Start of DATASET EXCERPT
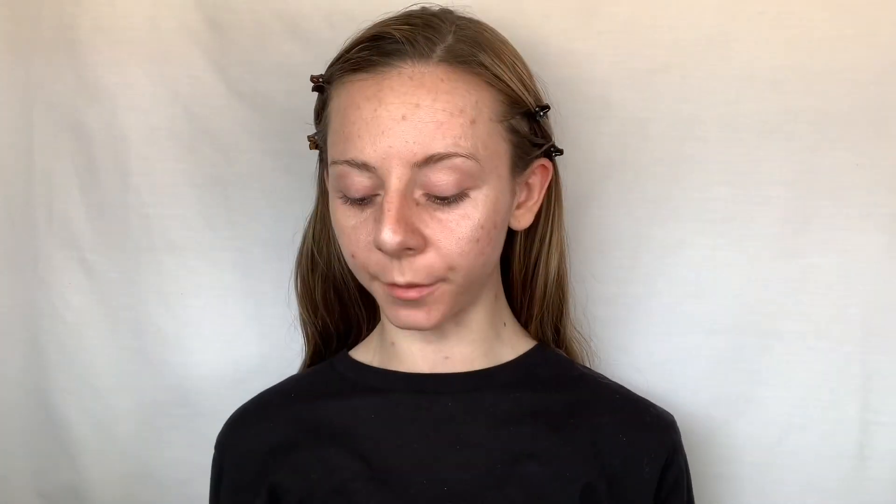First we're going to be covering up our acne. I like to use an oval flat brush and I'm going to be using the elf Hydrating Camo Concealer. Just dab it on the brush and then dab that on your acne to get rid of it as much as you can. Now that we've got all that acne covered up, let's move on to some foundation.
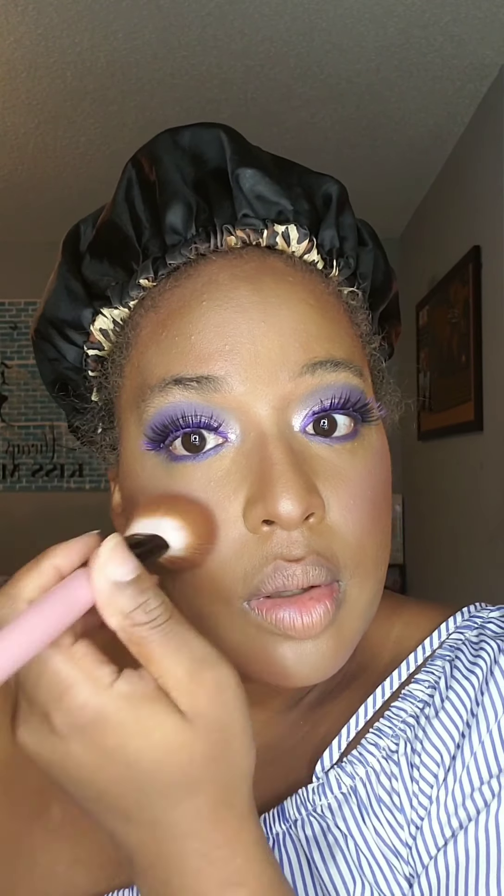I'm adding a little mascara to blend my lashes together before I start working on my blush. I'm blending that peach and purple together and adding that as blush. And I'm highlighting with something that has a pink undertone, but it goes really well with this purple.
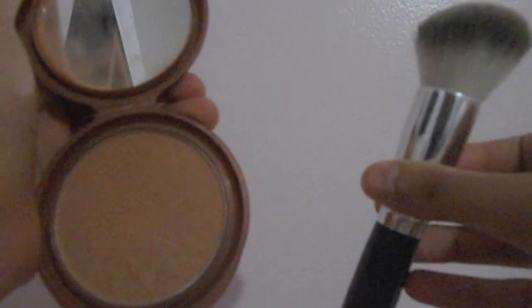And then I'm going to be contouring my face with my NYC Smooth Skin Bronzing Face Powder in Sunny. I'm going to be blending it in with an angled contour brush and maintaining it on my cheekbones, my forehead, and down my jawline.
End of DATASET EXCERPT
PROBLEM
Keep the pictures out while you retype all of the data above exactly as it appears.

RESULT
First we're going to be covering up our acne. I like to use an oval flat brush and I'm going to be using the elf Hydrating Camo Concealer. Just dab it on the brush and then dab that on your acne to get rid of it as much as you can. Now that we've got all that acne covered up, let's move on to some foundation.
I'm adding a little mascara to blend my lashes together before I start working on my blush. I'm blending that peach and purple together and adding that as blush. And I'm highlighting with something that has a pink undertone, but it goes really well with this purple.
And then I'm going to be contouring my face with my NYC Smooth Skin Bronzing Face Powder in Sunny. I'm going to be blending it in with an angled contour brush and maintaining it on my cheekbones, my forehead, and down my jawline.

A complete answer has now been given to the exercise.